Hybrid Imaging and Precision Medicine Offer New Ways to Diagnose and Treat Breast Cancer

Amy Fowler, MD, PhD is researching new ways to use imaging in the staging and treatment of breast cancer. In current clinical practice, MR and PET imaging are used separately to gain information about a tumor. An MRI scan reveals the structure and anatomy of a tumor, and PET imaging – with a tracer for glucose – quantifies the tumor’s metabolic activity. The “hybrid” PET-MRI provides both functional PET data and anatomical MRI information, a combination that may improve diagnostic accuracy and better inform surgical and medical treatment decisions.

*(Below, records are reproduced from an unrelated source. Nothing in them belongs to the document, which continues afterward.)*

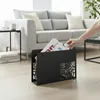 HAKU Zeitungsständer schwarz - Metall, B/H/T: 35x26x10 cm Produktbild-Vorschau 3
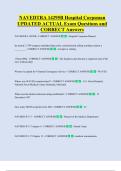 NAVEDTRA 14295B Hospital Corpsman  UPDATED ACTUAL Exam Questions and  CORRECT Answers 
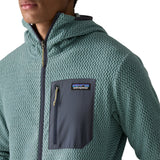 Patagonia Men's R1 Air Full-Zip Hooded Lightweight Fleece Jacket Blue Sage / Small-Blue Sage / Medium-Blue Sage / Large-Blue Sage / X-Large-Blue Sage / XX-Large - 53 Degrees North 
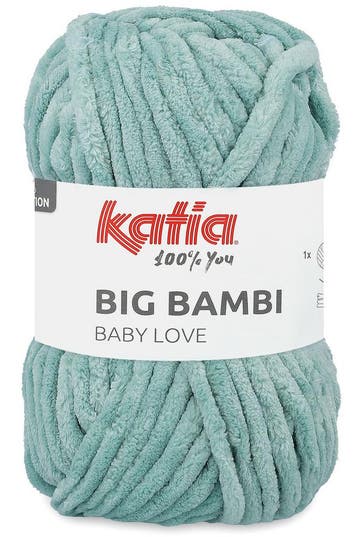 Katia Big Bambi - 104 zeegroen - XXL Chenille Garen, Ophalen of Verzenden, Nieuw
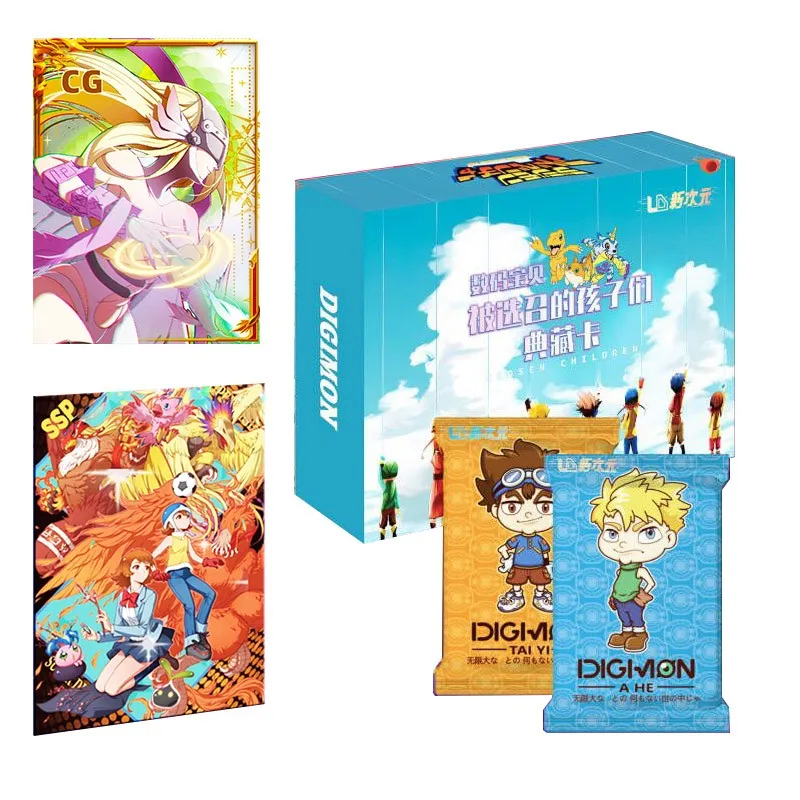 

New Japanese Anime Digimon Adventure Collection Cards Hot Figures SSP TR Deluxe Collection Edition Board Game Children Toys Gift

Dr. Fowler is also pioneering novel tracers – specific to estrogen and progesterone – for PET imaging.

“While conventional PET imaging gives you information about the tumor’s glucose metabolic activity, it doesn’t tell you about the receptors that will be targeted during treatment,” explains Dr. Fowler. These new tracers may allow her to pinpoint the kind of therapy that will be most effective for treating each patient’s breast cancer. By advancing precision medicine and improving diagnostic accuracy, Dr. Fowler and her colleagues hope to reduce the morbidity and mortality of breast cancer.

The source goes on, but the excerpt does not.